Instead of constantly steering people towards alternative methods, the government should hire more court staff.
‘Disputes should be kept away from the courts and resolved using better, quicker and more efficient ways,’ the justice minister Lord Faulks declared last week. He was repeating the government’s policy of steering people towards alternatives like ‘mediation, arbitration and conciliation’ instead of the old-fashioned courtroom.
There is definitely a time and a place for all those alternative dispute resolution methods above. Absolutely.
But I for one am getting pretty tired of hearing government constantly try to push alternatives, instead of grasping the nettle and actually improving the court system itself.
Why are these ADR methods quicker than the courts? Because we are not employing enough judges, and there are nowhere near enough court staff.
Why are these techniques cheaper? Because the government is racking up court fees, for a start.

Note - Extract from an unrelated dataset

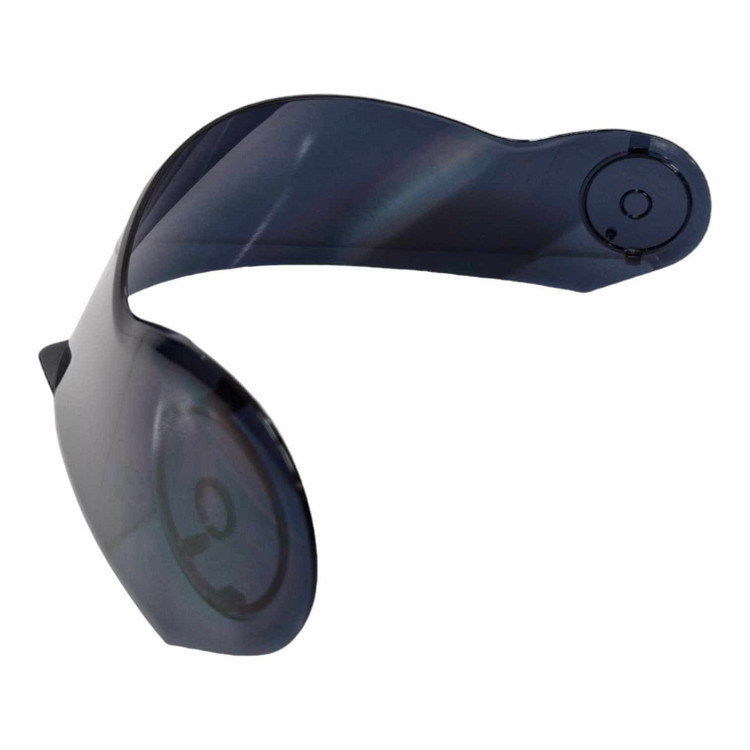 طلق کلاه کاسکت دودی مناسب مدل REDLINE 937 – 935 – 939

Lawyers are tearing their hair out over the state of the courts system. Time and again I hear the same complaints – it is impossible to get through to the court on the telephone, the fax machines are not filled up with paper, you can’t send emails over a certain size or they just bounce straight back.
How about sorting this mess out, rather than turning a blind eye to it and pointing court users in another direction?

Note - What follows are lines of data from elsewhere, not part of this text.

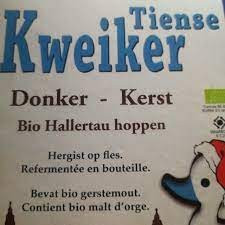 Brouwerij den Hopperd Tiense Kweiker Kerst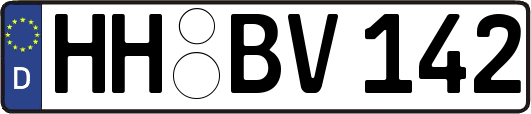 HH-BV142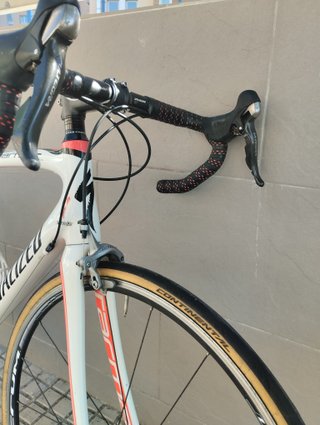 Specialized Tarmac SL2 Talla 54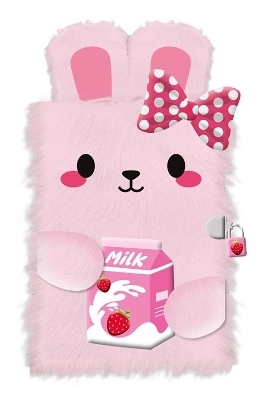 Strawberry Milk Bunny Diary
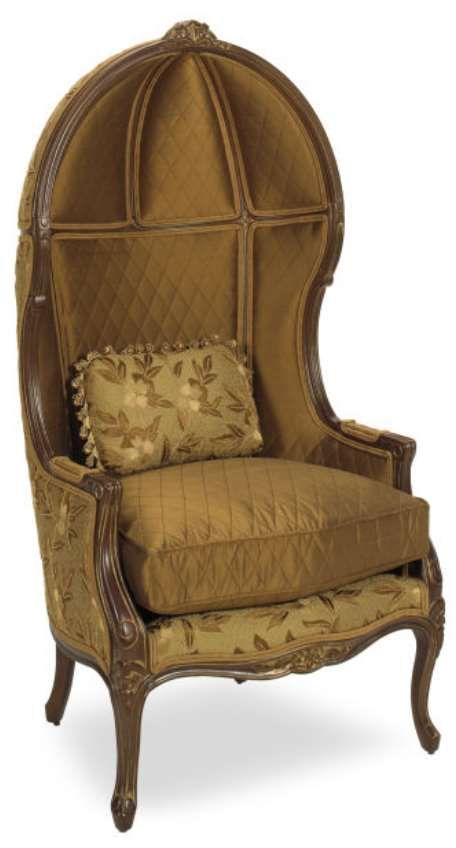 Parker Southern Hanna Erin Driftwood/Gold Dust/Torreon Tassel Chair-0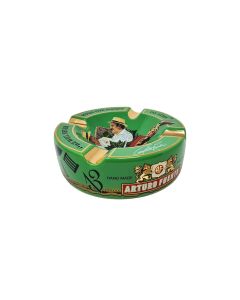 Arturo Fuente Aschenbecher Fuente Story grün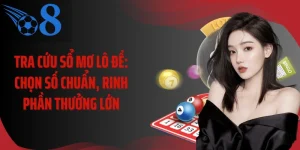 Tra Cứu Sổ Mơ Lô Đề: Chọn Số Chuẩn, Rinh Phần Thưởng Lớn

True, the government did recently announce that it was to spend up to £75m a year for the next five years on modernising courts IT. I welcome that, of course – but with the same feeling of caution as most members of the profession, given government’s track record on IT projects. Indeed, the Gazette has already reported slippage in the timetable for Wi-Fi in courts.
It is easy to think that these ADR techniques are some sort of panacea, enabling people to walk neatly round all the problems in the mainstream justice system. But they are not. Mediation is essentially founded on compromise.
But compromise isn’t always appropriate – sometimes one party really is entirely in the right, and they need their day in court to have their position vindicated, and their costs paid by their opponent.
And let’s not forget the small matter of the law itself. How is case law supposed to evolve and develop if everyone is using ADR, with the outcome of their disputes unpublished, and unbinding on others in any event?
I don’t deny that ADR methods will be the best way forward for very many cases. But parties must still have the right to choose the courts instead. And for that, the courts must be a viable option.
Rather than using ADR as an excuse to avoid addressing the problems in the court system, government needs to start looking at what it can do to make the courts just as efficient as these alternative methods. And that won’t just mean more computers, it will mean more people as well.
Let’s hope it will spend the £75m a year wisely.